会場に足を足を踏み入れると、一番最初に出迎えてくれるのがこちらの襖。描かれているのは落ち武者の盗賊・大和田太郎道玄。1524年、上杉氏と後北条氏の戦いで被害を受けた渋谷は浪人や雑兵であふれ、坂道では大和田太郎道玄が旅人を襲っていました。渋谷の道玄坂の名は、その道玄が由来なのだとか。そして襖の中の道玄は、今も道玄坂にいる道玄自身の幽霊なのです。
襖を開けると、板の間の上には道玄が着込んでいたと思しき甲冑や盗んだであろう盗品が。
続いての襖に登場するのは、慶長5年(1600年)に大分へ漂流し、徳川家康に重用されたオランダ人・ヤン・ヨーステン。彼が拝領した邸地の一帯は「耶 揚子(や ようす)」と呼ばれ、明治5年「八重洲」という町名に。そう、ここは東京駅八重洲口。いつか母国オランダへ帰ることを夢見ながら願い叶わず天に召されたヨーステンは、今も多くの人が行き交う八重洲口に出没して、やるせない表情を見せているのでしょう。
襖の奥には、畳の上に置かれた洋風の机と椅子。机上の羽ペンやハットと傍にある行燈の対比が日本に来てしまった西洋人の悲哀を感じさせます。そして、畳の外には靴も。家の中では靴を脱ぐ日本の文化にヨーステンは戸惑ったのでは。こんな日本人にとっては些細なことも、彼にとって「帰りたい」気持ちを強くする一因になったかもしれないですね。
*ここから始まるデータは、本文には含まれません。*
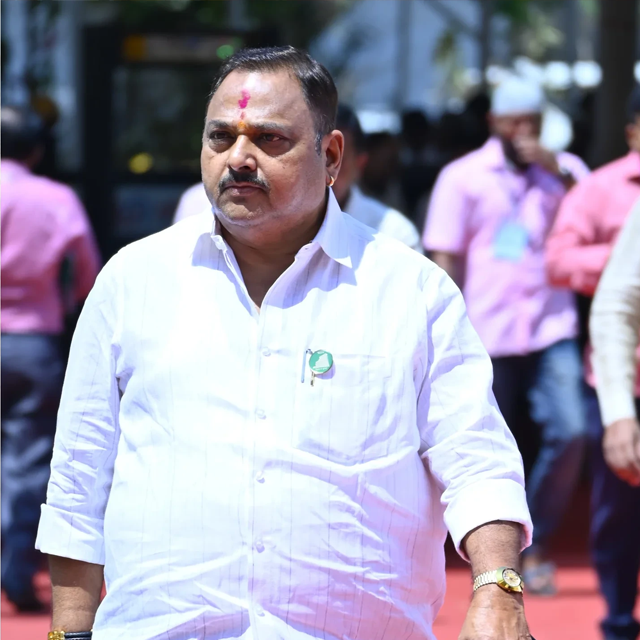 Community Engagement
このほかにも、大量の銀を所有し白金長者と言われた柳下上総介(やぎしたかずさのすけ)や、私財を投じて新堀川の治水工事を行なった商人・合羽屋の喜八などのコーナーが。ここまでくるとわかりますよね、この幽霊展が何を取り上げているのか。そう、この『やがて、みんな幽霊展 〜怖くない幽霊屋敷〜』は、地名として名を残す人たちが今も幽霊としてその地にいるとしたらをテーマにした展覧会だったのです。道玄は道玄坂、ヤン・ヨーステンは八重洲、白金長者の柳下上総介は白金、合羽屋の喜八は合羽橋というわけですね。
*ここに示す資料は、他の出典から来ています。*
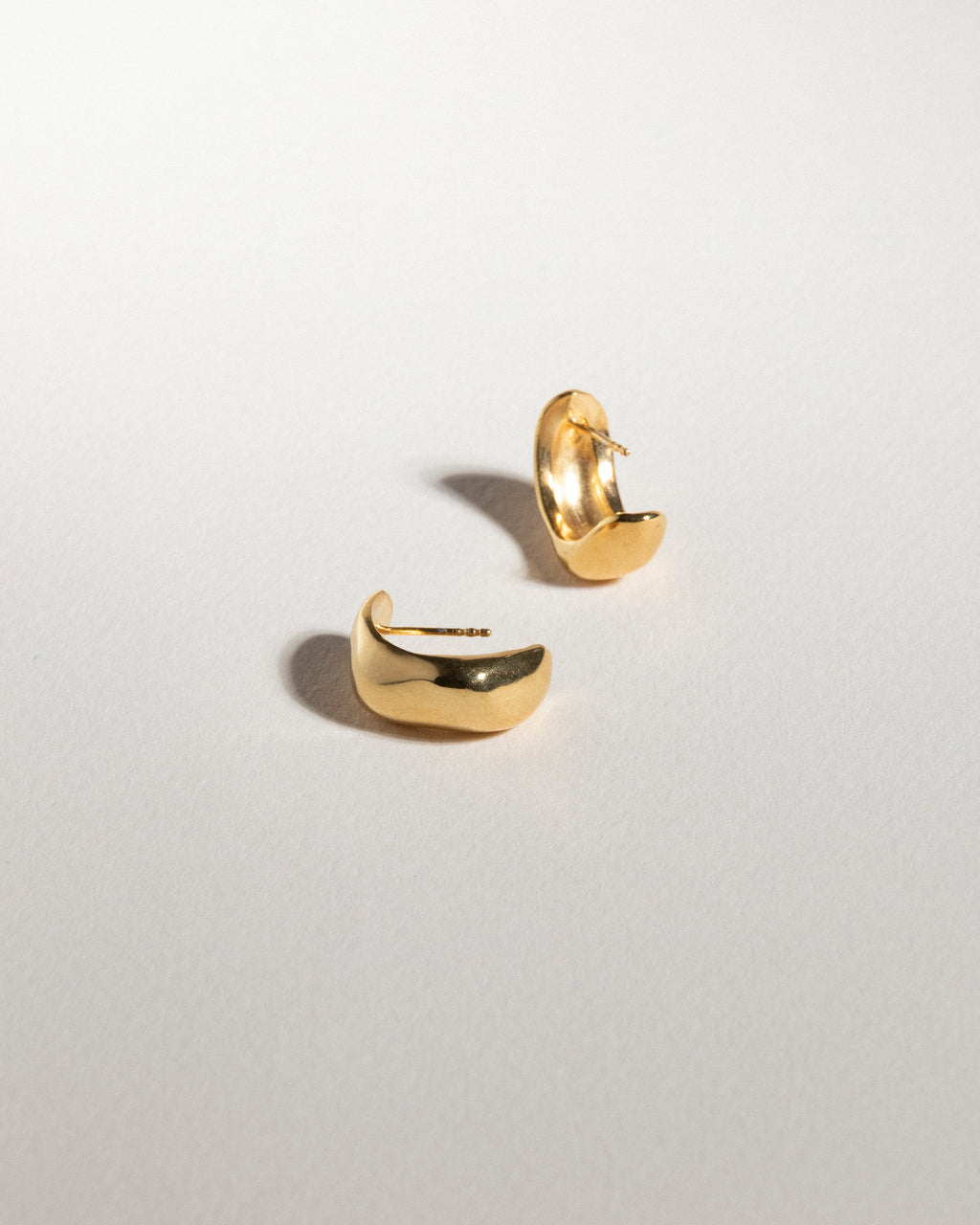 Marita earrings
と、ひと通り展示物をまわったところで行き着いたのがこちらのコーナー。「いや、これは歴史上の人物じゃないでしょ。どうみても現代人だし」と思った瞬間、「これ、私です」の声とともに襖の中にいた人物がいきなり目の前に。正直、この時がこの幽霊展で一番ビビりました。
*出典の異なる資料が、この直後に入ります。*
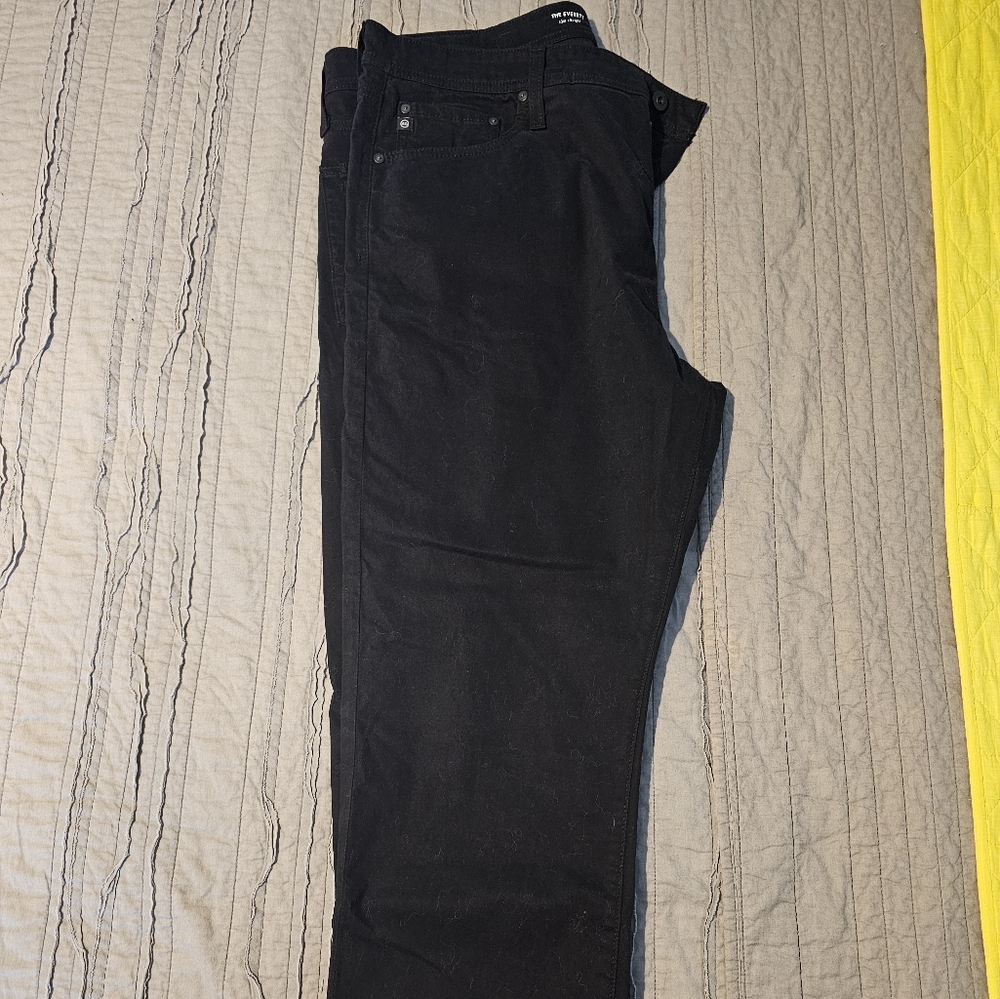 AG jeans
こちらの男性は、今回の展覧会を主催した「文とアート出版」の中心人物で、コピーライター、クリエイティブディレクターの武藤雄一さん。この展覧会は、アートブック『やがて、みんな幽霊』(7月26日発売)の出版記念で開催したそうで、そのテーマは「無常と不変」。仏教からはじまり、平家物語や方丈記などさまざまな時代でさまざまな人たちが解釈を試みている無常と、データとして残り続ける不老不死や永遠が目の前に近づきつつあるテクノロジー時代の現代をかけ合わせて、生きること、死ぬこと、残り続けることを違う視点から考えてみようと企画したそうです。ちなみに街灯の下でカバンをまさぐっている様子は、武藤さんにとって日常的なこと。代官山で働いていた頃は、いつもこの辺りで事務所の鍵を探していたそうです(キーケースに入れておけば探しやすいのに、とはお伝えしませんでした。失礼かと思ったので)。そして冒頭で取り上げた「●●人も やがて幽霊。」という文言ですが、結局は誰しも死ねば幽霊になるよ、ということでした。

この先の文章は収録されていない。